To date, Black Panther has earned $618.6 million domestically ($1.2 billion worldwide), just short of The Avengers‘ $623.4 million. By the end of the weekend, Black Panther will surpass that number, according to estimates.
The film became a cultural phenomenon. Featuring a predominantly black cast, the live-action story of King T’Challa (Chadwick Boseman) and the fictional African nation of Wakanda brought a new kind of hero not commonly seen in the comic book movie genre.
Black Panther enjoyed five straight weeks atop the box office charts that kicked off with a record-breaking opening weekend for the month of February. Word of mouth, critical praise, and all-star performances from the likes of Danai Gurira, Lupita Nyong’o, Michael B. Jordan, and Letitia Wright continued to boost the film’s presence in theaters.
“Deep down we all hoped that people would come to see a film about a fictional country on the continent of Africa, made up of a cast of people of African descent.

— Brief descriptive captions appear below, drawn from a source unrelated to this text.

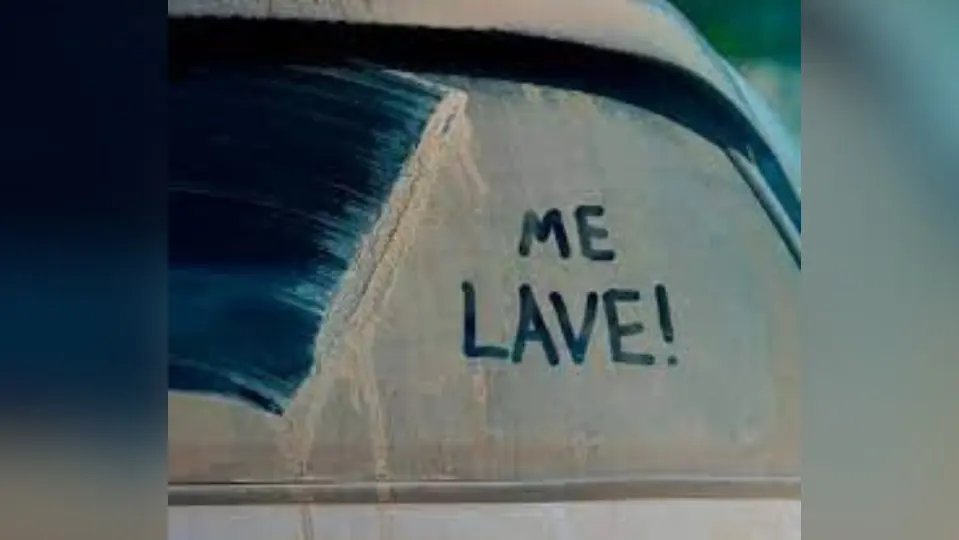 "Me lave": jovem faz brincadeira e motorista reage com agressão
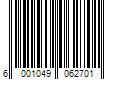 Barcode Image for UPC code 6001049062701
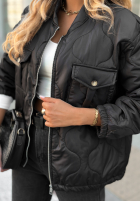 Pikowana Jacke It’s All Coming Schwarz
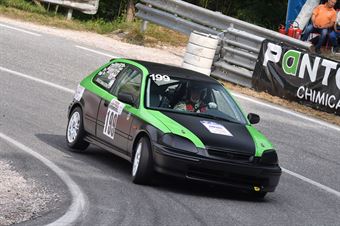 Bommartini Vittorio (BL Racing, Honda Civic #199), CAMPIONATO ITALIANO VELOCITÀ MONTAGNA
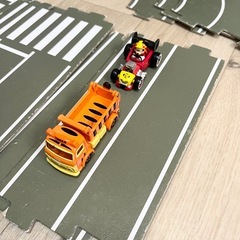 トミカ　道路　パーツ　の画像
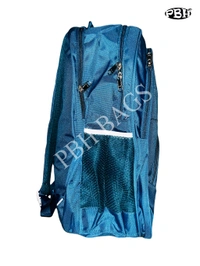 Safari PBH P036 Backpack - Bright Turquoise, 18*14*6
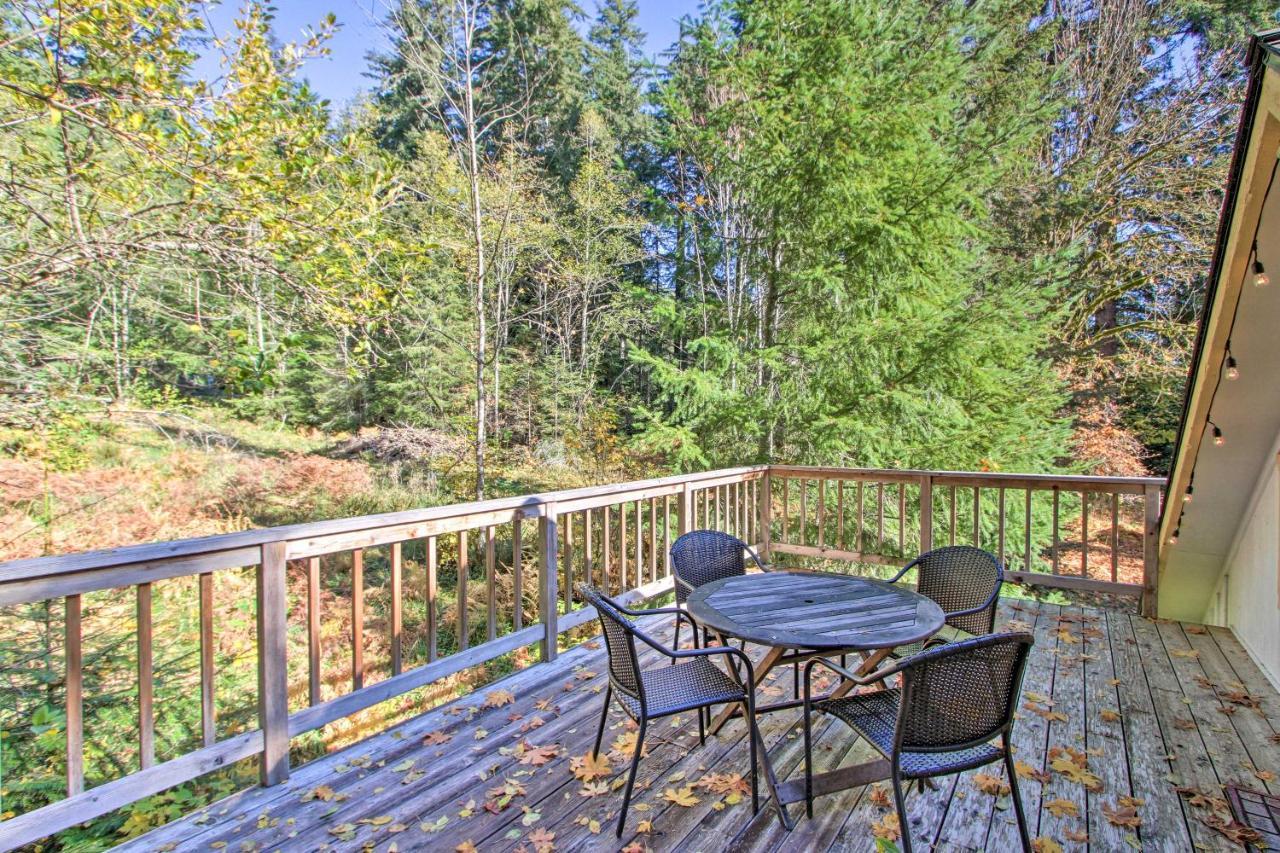 Owls Nest Studio With Hot Tub Hike Nearby! Ashford Zewnętrze zdjęcie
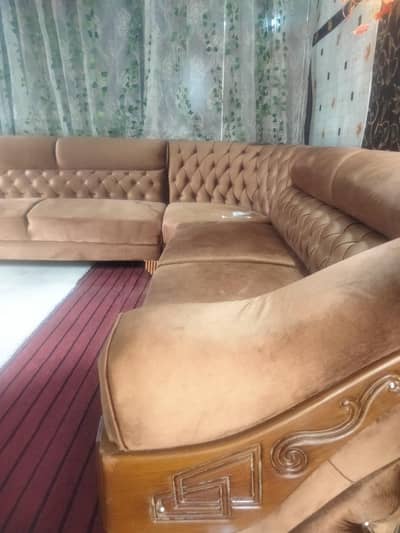 Urgently Sale Extra Large L Shape Sofa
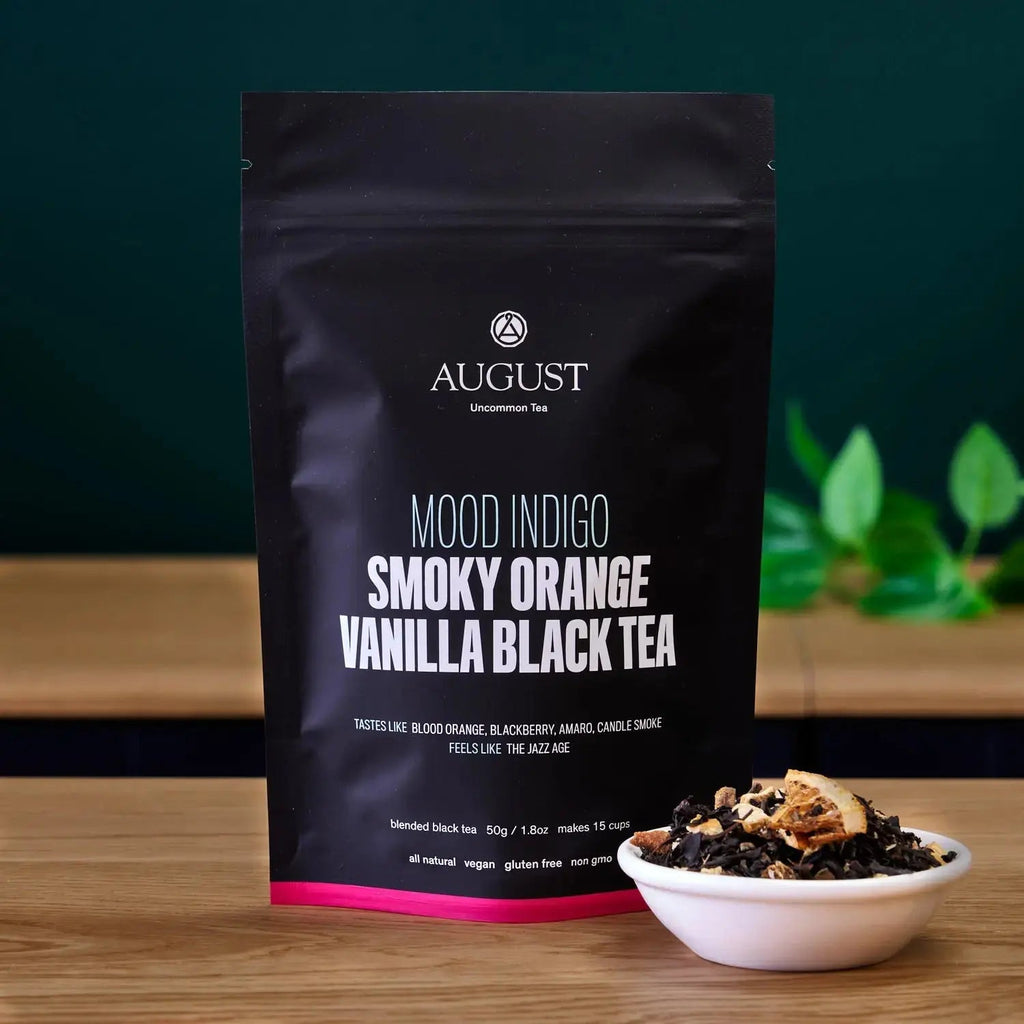 Mood Indigo - Smoky Orange Vanilla Black tea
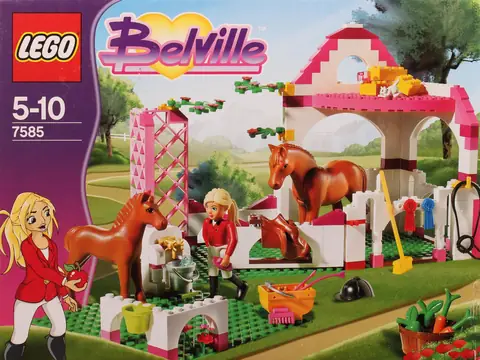 lego belville horse lego horse ranch
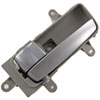 Interior Door Handle Front LH Rear LH Silver and Gray - image 3
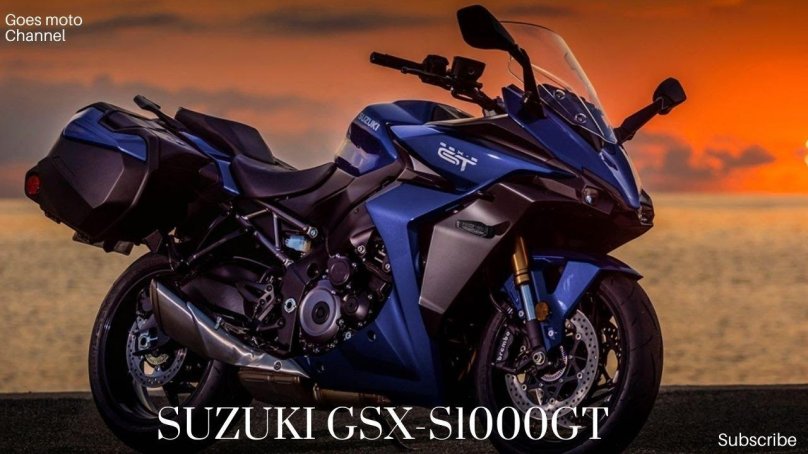 Suzuki GSX-s1000gt 2022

Never in a million years did we imagine that you all would come out this strong,” Coogler wrote in a touching thank-you note to the fans.
“It still humbles me to think that people care enough to spend their money and time watching our film,” he continued. “But to see people of all backgrounds wearing clothing that celebrates their heritage, taking pictures next to our posters with their friends and family, and sometimes dancing in the lobbies of theaters often moved me and my wife to tears.”
Wakanda will also have a lasting impact on the storytelling of the Marvel Cinematic Universe, with a sequel confirmed by Marvel President Kevin Feige. “As Panther has so loudly declared, [representation] can only help you, can only help you tell unique stories, can only help you do things in a new, and unique, and fresh, and exciting way,” he told EW. “If you do that, audiences will notice it, and appreciate it, and support it.”